== Segment start ==
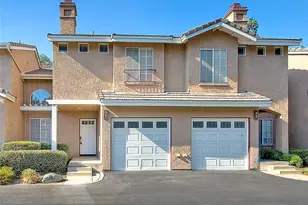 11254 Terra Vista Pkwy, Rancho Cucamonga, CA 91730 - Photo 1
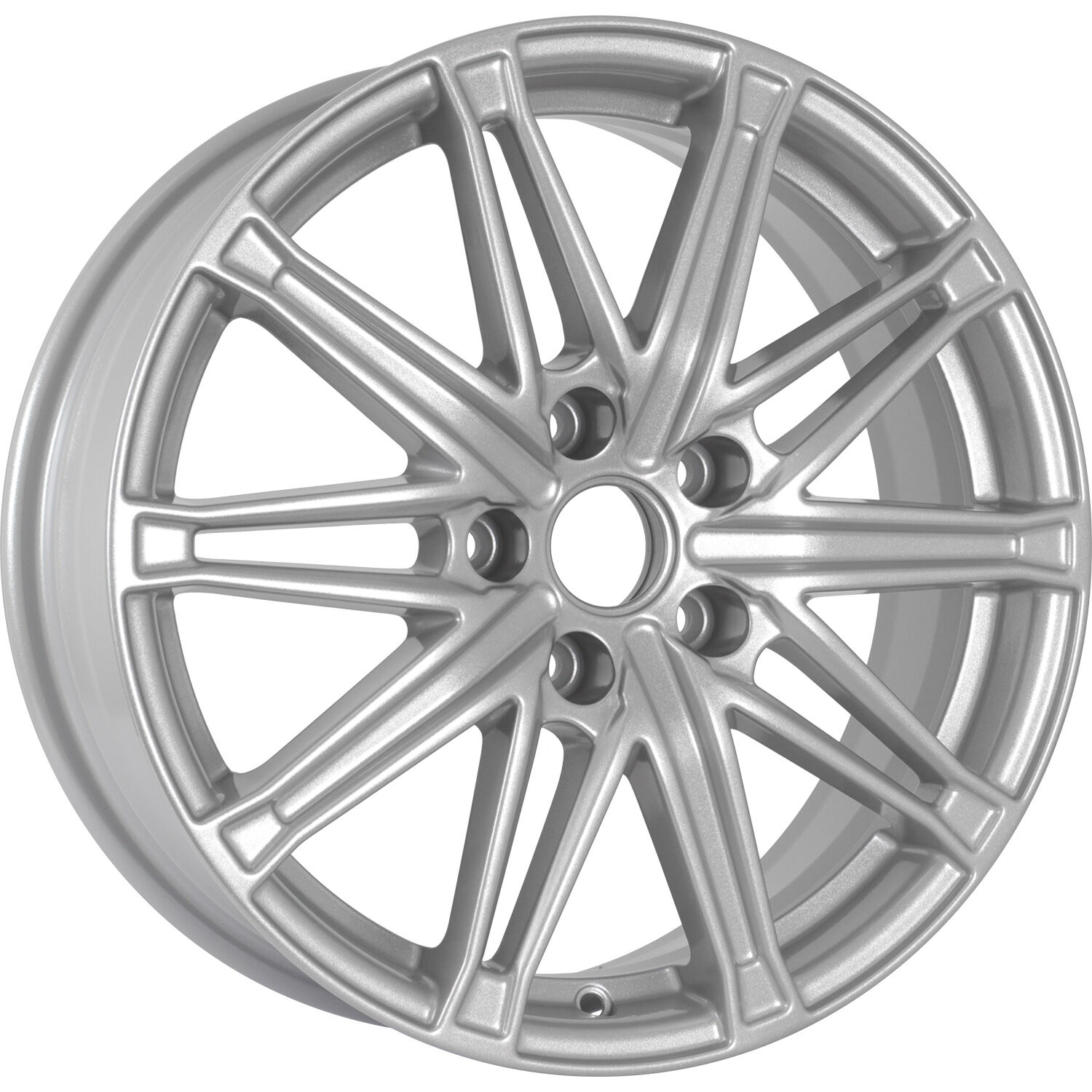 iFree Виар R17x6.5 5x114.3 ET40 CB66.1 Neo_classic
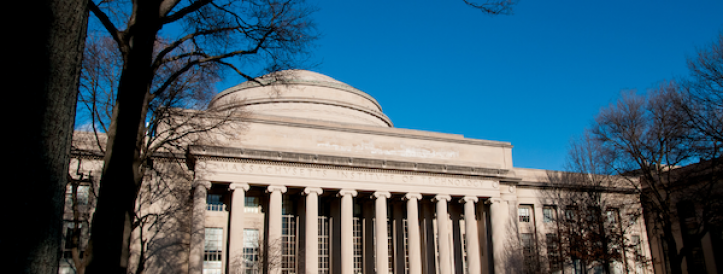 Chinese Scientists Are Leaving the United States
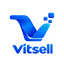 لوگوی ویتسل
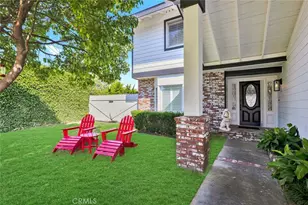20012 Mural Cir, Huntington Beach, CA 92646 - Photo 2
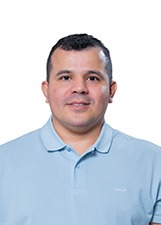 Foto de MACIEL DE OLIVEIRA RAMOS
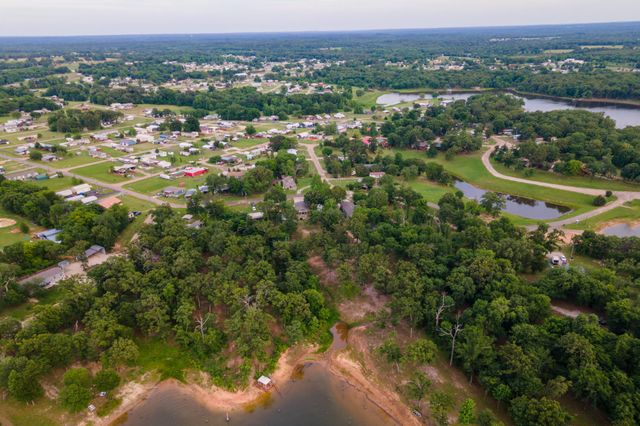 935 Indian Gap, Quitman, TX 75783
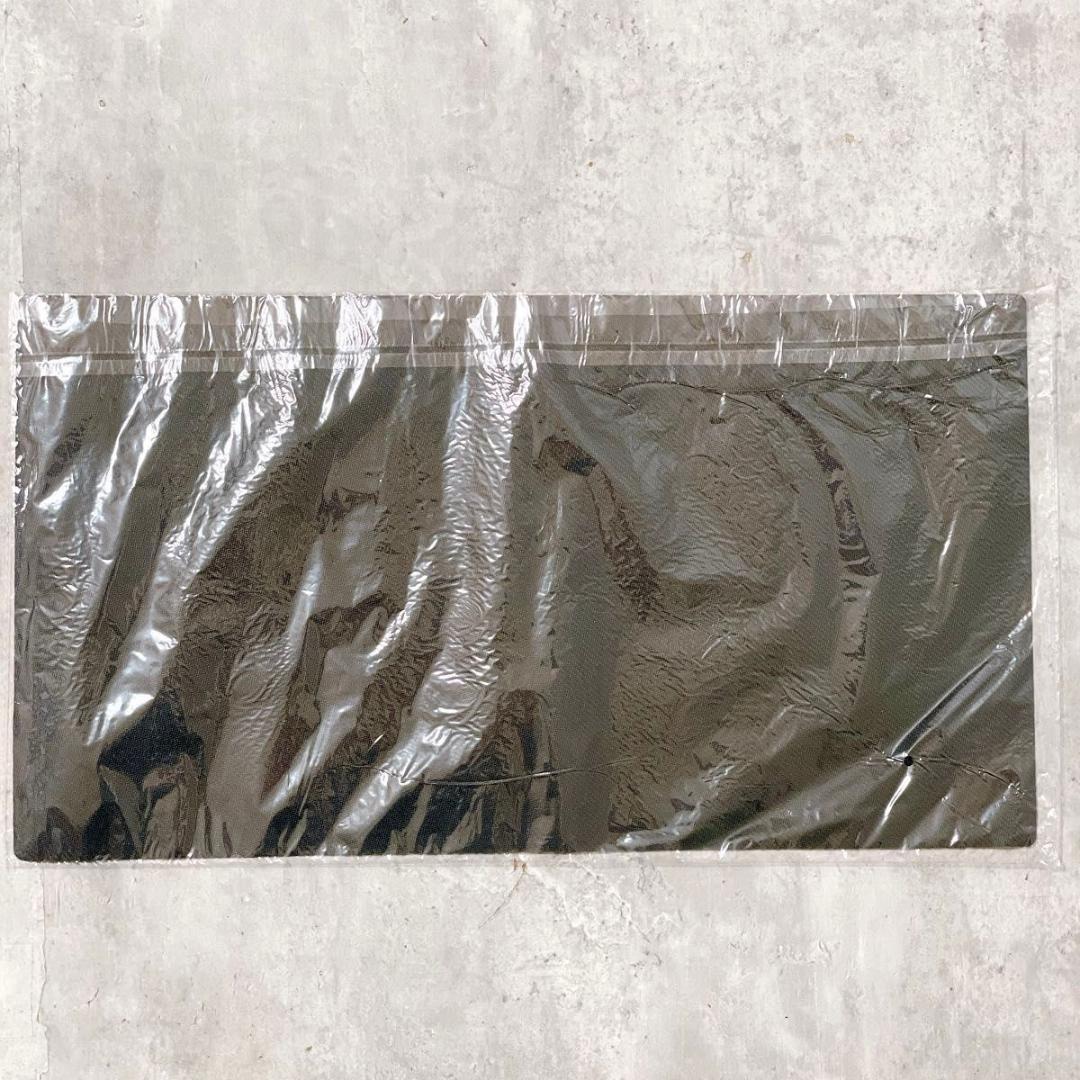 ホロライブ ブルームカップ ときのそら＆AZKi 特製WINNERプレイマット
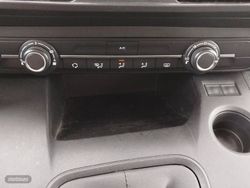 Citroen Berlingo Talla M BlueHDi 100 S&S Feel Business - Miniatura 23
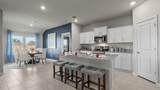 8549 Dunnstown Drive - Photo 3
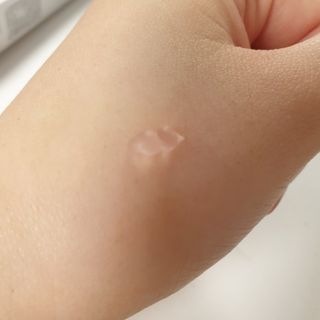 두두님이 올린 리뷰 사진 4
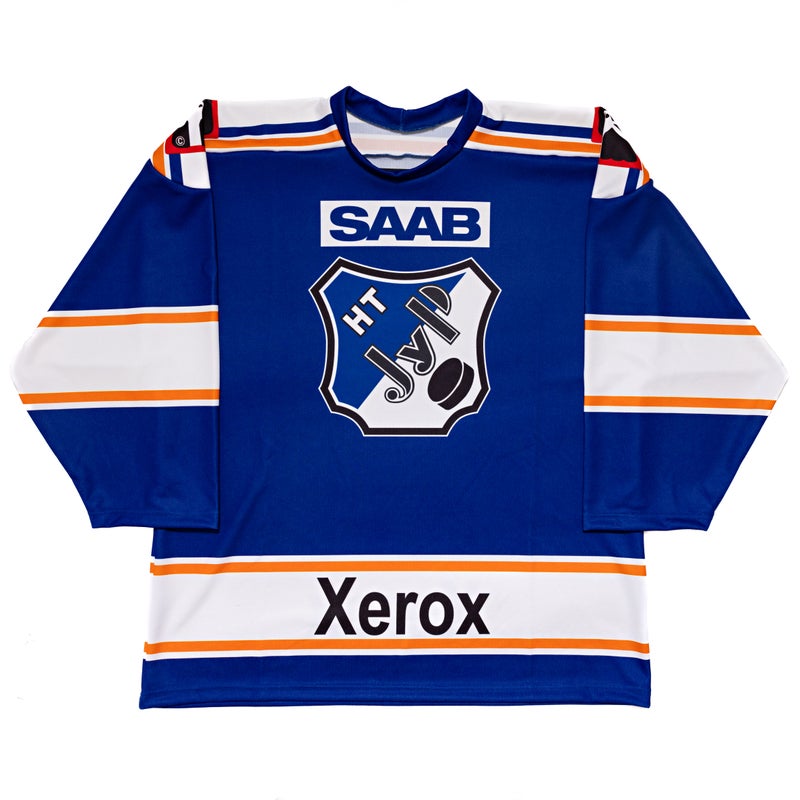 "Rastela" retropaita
== Segment end ==
== Segment start ==
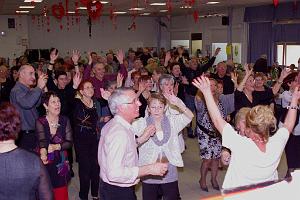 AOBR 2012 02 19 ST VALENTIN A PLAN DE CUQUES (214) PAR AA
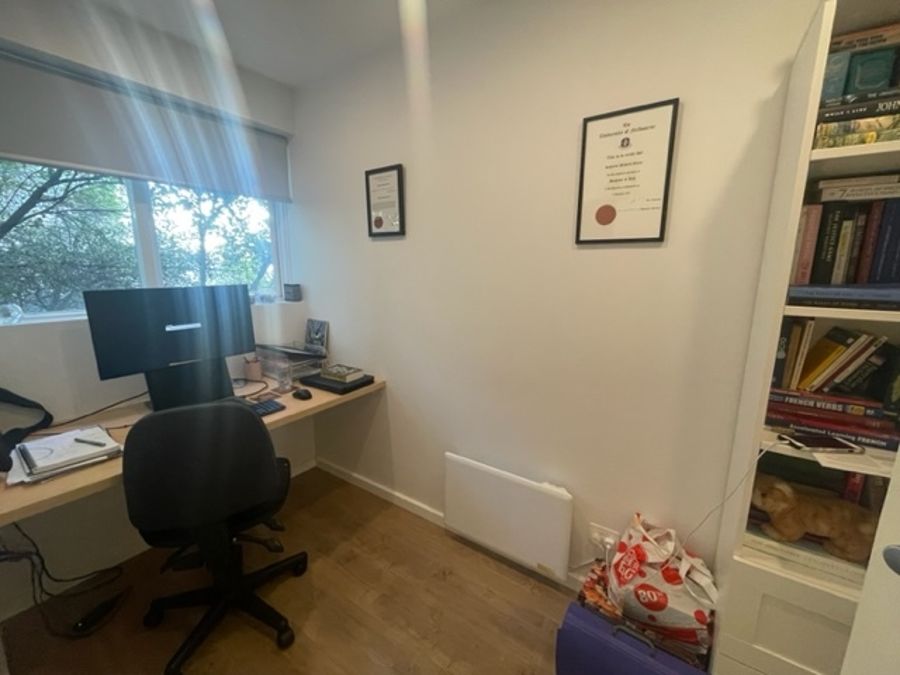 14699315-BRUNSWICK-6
== Segment end ==
WHAT TO PRODUCE
Within the listing above, the lines from the one with "AOBR 2012 02" through the one with "14699315-BRUNSWICK-6" are to be given again word for word. Do not include pictures.

RESPONSE TO THE TASK
 AOBR 2012 02 19 ST VALENTIN A PLAN DE CUQUES (214) PAR AA
 14699315-BRUNSWICK-6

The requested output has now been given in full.